Marketing for Libraries Logo

Website Management Section: Implementation

Once you've done your research, developed a strategy, and created your website, it's time for implementation. Once the website is up and running there are a whole new set of issues that web developers must consider.

Let's explore class use and management.

Class Use

If you're working in a library or other type of organization, a specific individual or department may be in charge of all aspects of web development. However in a school situation, students might get involved in web design and development as part of their classroom activities.

Website projects may be part of a formal web design course or may be integrated into any type of content-related activity. The key is balancing quality content and effective web design with the student's desire to have fun making web pages.

It's a good idea to start by providing quality models. For example, you might show students selected examples from a recent state media fair or ThinkQuest project winners.

Let's explore project development and classroom management.

Project Development

Planning is a critical part of project implementation. Know your students and think ahead.
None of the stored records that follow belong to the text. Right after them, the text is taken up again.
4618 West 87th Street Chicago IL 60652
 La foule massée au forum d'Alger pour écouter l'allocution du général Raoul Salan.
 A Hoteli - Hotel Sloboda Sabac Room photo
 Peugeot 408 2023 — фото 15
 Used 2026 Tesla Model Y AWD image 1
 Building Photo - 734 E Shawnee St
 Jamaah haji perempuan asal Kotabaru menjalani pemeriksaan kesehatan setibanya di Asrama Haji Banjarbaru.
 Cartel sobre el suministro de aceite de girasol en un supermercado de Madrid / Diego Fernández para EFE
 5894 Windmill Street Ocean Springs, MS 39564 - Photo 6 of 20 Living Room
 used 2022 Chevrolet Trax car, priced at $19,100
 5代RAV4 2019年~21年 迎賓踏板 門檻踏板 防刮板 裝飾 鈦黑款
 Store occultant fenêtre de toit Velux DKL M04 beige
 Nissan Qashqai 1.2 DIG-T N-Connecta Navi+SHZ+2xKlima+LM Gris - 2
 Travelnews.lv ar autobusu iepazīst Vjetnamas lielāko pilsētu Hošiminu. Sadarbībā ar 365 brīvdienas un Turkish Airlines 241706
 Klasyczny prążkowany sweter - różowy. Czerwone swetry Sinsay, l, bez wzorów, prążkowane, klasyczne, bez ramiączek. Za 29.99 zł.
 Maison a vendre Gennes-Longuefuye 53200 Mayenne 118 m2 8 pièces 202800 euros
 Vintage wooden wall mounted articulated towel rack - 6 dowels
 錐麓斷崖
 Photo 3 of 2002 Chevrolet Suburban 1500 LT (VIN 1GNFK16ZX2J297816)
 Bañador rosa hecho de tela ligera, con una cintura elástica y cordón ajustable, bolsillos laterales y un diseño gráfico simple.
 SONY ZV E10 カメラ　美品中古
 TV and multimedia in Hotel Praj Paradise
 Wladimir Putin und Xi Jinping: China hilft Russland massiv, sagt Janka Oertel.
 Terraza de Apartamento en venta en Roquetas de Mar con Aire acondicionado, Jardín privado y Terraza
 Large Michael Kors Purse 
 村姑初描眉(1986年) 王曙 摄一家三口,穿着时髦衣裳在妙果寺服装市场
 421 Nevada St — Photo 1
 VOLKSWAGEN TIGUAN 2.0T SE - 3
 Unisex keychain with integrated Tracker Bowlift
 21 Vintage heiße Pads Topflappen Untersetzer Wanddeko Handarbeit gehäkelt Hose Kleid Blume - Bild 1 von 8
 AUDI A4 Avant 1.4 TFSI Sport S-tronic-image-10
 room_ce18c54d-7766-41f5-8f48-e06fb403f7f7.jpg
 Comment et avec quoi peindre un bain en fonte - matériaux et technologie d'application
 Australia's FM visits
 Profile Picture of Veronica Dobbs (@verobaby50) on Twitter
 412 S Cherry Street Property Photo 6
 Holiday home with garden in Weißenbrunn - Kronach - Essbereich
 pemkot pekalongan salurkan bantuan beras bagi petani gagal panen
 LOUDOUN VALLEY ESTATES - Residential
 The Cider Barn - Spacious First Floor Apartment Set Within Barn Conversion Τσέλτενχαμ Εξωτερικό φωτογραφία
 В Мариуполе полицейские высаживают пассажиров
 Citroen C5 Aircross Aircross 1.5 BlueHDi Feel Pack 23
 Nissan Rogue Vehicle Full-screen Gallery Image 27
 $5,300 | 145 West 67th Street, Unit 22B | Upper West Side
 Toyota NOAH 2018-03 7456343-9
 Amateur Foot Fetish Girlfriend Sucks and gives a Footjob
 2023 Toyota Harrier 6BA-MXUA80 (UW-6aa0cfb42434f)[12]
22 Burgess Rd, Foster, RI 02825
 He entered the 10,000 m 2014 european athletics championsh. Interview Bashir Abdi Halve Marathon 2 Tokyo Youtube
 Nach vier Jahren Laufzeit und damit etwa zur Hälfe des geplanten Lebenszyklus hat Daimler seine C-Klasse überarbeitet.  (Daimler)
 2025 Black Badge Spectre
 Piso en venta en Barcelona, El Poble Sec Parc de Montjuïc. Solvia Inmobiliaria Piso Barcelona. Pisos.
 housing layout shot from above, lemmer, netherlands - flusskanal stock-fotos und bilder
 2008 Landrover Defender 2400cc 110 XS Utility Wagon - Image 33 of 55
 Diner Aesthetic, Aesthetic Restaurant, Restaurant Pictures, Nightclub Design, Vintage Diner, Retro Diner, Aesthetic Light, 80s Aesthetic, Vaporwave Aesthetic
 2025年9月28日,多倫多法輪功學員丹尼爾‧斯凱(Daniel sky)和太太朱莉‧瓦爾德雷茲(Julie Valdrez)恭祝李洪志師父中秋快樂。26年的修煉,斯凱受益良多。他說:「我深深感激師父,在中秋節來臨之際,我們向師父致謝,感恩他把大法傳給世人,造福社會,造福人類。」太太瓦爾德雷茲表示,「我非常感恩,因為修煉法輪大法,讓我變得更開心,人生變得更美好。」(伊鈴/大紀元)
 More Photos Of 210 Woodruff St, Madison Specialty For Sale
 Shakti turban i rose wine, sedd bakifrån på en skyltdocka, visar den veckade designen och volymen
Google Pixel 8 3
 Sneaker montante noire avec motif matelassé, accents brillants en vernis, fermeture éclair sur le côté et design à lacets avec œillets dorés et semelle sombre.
If you're planning a large-scale Internet project, try elements with your class first to determine how much time the project will take. Also consider implementing a trial project with two or three schools rather than twenty or thirty schools your first time.

Use a wall or bulletin board in your classroom as "web headquarters." Include timelines, a layout of the site, a world map of participants, screen dumps from sites used, background information, and a responsibility chart. You may also want to post information in the lunchroom where all the students in the school can see your progress. This will get the entire school behind your project. Students love to see a map expand with participants from around the world or see a thermometer fill as project spaces are filled.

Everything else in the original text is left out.